Despite making the first payment of Icesave deposits to the UK and Holland, the matter is far from over. Iceland now stands to defend itself in court before the European Free Trade Association (EFTA), facing the charge of violating its treaty with the organisation.
While assets from the old Landsbanki have begun to be paid back Icesave depositors in Britain and the Netherlands, the fact still remains that when the banks collapsed in October 2008, Landsbanki made a fateful decision: Icelanders were able to withdraw from their deposits, but many – if not most – foreigners could not.
This decision may have been a violation of Iceland’s treaty with EFTA, and as such, the Icelandic government will have to appear in EFTA court to answer for it, RÚV reports.

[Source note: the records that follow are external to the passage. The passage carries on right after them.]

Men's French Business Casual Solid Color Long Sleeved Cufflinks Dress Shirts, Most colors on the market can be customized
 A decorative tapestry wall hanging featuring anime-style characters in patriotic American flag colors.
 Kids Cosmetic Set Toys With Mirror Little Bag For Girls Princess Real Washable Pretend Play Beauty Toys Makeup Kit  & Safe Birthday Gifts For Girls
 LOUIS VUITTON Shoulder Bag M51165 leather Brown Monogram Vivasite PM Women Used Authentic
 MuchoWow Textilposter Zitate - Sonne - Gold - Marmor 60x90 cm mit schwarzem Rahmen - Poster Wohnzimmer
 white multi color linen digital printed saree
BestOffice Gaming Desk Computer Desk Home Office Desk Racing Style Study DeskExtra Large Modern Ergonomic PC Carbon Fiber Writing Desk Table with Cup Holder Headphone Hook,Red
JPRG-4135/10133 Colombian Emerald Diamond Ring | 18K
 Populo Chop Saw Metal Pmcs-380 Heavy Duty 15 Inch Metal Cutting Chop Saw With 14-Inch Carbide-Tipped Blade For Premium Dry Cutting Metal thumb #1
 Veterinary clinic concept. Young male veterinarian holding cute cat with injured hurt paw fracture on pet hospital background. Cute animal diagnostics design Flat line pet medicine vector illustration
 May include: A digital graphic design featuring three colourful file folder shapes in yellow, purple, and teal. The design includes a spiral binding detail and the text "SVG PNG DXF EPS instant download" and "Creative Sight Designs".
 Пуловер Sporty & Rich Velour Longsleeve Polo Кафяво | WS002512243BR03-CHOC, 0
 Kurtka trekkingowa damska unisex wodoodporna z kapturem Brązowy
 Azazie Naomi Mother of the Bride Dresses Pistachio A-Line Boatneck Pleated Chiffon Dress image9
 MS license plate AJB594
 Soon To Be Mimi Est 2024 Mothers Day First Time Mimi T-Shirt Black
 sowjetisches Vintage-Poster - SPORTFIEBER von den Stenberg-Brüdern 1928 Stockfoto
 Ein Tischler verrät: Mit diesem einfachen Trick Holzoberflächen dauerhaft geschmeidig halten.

Jóhannes Karl Sveinsson, who sat on the last Icesave negotiations committee, told reporters that should the court find Iceland liable, they will likely ask the Icelandic government what sort of compensation they intend to offer the UK and Holland. He believes it likely that the government, should it face such a ruling, would not appeal the decision.
That said, he emphasised that it is impossible to tell at this stage how the court will rule, and a verdict on the matter could take up to a year.
Parliament went into recess because of the matter this morning. Minister of Economics and Business Árni Páll Árnason met with the Foreign Affairs committee to discuss the case further.